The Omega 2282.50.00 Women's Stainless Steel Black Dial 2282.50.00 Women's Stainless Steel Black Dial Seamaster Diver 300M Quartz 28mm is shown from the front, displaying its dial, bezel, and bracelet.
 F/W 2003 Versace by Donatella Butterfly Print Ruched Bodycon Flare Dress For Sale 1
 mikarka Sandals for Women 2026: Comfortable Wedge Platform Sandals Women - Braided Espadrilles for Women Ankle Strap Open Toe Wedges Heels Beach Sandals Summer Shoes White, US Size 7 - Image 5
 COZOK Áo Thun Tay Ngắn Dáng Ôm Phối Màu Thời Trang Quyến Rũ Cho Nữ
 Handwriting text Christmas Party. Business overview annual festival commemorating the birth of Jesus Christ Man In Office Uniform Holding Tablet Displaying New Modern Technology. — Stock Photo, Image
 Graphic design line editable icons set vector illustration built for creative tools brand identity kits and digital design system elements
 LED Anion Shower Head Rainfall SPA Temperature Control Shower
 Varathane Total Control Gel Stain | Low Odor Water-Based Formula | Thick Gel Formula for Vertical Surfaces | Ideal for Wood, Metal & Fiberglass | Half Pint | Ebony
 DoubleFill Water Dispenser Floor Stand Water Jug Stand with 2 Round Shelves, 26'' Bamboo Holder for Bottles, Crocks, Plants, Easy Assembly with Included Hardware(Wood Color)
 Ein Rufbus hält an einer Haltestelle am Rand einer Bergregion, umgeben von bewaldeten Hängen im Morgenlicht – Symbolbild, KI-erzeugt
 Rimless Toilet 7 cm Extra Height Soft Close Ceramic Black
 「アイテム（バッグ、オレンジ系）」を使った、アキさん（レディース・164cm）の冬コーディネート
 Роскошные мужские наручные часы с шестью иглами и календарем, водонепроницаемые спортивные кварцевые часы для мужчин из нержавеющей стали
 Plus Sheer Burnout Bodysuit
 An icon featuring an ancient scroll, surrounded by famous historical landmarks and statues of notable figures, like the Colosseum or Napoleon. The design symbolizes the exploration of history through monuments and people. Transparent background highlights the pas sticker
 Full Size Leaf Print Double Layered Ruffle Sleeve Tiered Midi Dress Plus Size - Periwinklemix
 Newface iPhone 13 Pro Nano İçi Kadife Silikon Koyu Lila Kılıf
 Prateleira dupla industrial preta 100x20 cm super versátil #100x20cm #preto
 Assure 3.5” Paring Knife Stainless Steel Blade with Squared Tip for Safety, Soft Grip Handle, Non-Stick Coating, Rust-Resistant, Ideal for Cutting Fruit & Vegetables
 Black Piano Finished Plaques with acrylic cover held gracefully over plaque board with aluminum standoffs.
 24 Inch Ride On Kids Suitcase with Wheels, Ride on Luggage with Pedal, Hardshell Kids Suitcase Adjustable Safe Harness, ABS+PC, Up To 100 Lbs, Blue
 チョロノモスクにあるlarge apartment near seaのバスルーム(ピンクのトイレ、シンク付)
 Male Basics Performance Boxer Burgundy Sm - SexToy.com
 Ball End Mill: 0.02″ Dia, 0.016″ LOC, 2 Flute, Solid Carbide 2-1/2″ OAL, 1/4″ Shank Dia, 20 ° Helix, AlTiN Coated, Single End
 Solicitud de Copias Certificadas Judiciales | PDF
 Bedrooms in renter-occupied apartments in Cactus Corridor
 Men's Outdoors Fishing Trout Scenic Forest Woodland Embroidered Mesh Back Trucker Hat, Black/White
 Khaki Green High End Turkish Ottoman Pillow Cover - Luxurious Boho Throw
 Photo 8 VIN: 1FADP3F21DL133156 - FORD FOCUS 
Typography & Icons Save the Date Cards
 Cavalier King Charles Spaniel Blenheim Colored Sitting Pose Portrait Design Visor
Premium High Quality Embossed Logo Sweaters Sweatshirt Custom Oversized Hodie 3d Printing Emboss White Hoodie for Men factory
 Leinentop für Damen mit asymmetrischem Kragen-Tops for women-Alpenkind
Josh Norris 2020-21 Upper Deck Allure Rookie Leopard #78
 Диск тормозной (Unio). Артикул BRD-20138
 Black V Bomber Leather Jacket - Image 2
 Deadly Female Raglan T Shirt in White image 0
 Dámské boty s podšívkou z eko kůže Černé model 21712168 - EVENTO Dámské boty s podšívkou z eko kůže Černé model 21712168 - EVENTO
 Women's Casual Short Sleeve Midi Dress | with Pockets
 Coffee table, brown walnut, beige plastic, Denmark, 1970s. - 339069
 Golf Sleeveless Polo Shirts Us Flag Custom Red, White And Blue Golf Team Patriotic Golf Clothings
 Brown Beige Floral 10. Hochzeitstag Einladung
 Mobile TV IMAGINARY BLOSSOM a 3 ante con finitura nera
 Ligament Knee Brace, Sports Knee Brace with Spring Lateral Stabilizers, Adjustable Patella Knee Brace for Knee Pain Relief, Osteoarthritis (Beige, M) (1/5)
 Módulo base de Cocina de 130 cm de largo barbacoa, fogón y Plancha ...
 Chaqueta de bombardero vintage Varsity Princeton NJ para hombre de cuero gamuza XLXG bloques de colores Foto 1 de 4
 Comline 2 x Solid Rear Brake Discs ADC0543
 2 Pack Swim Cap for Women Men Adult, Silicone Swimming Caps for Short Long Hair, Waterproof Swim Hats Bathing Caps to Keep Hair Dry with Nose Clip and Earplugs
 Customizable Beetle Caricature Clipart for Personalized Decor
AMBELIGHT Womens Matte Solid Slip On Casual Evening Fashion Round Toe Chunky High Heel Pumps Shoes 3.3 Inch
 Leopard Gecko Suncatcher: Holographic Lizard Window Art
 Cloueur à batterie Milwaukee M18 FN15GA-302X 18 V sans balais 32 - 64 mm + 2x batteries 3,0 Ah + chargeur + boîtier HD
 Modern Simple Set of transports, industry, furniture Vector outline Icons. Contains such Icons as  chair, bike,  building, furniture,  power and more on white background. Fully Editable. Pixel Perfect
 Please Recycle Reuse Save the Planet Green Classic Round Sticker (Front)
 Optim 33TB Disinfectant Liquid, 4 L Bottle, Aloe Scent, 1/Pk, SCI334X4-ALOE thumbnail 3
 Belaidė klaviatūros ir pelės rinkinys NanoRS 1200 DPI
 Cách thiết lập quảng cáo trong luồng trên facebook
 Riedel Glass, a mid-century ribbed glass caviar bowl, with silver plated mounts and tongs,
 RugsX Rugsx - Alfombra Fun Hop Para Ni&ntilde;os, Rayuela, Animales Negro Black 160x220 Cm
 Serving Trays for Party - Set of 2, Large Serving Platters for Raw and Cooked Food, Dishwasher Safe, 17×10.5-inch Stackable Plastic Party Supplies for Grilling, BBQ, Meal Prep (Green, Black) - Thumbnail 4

◆ **TRY IT**
Would you copy all lines in the records where the string "Plus" appears?

◆ **EXPECTED ANSWER**
 Plus Sheer Burnout Bodysuit
 Full Size Leaf Print Double Layered Ruffle Sleeve Tiered Midi Dress Plus Size - Periwinklemix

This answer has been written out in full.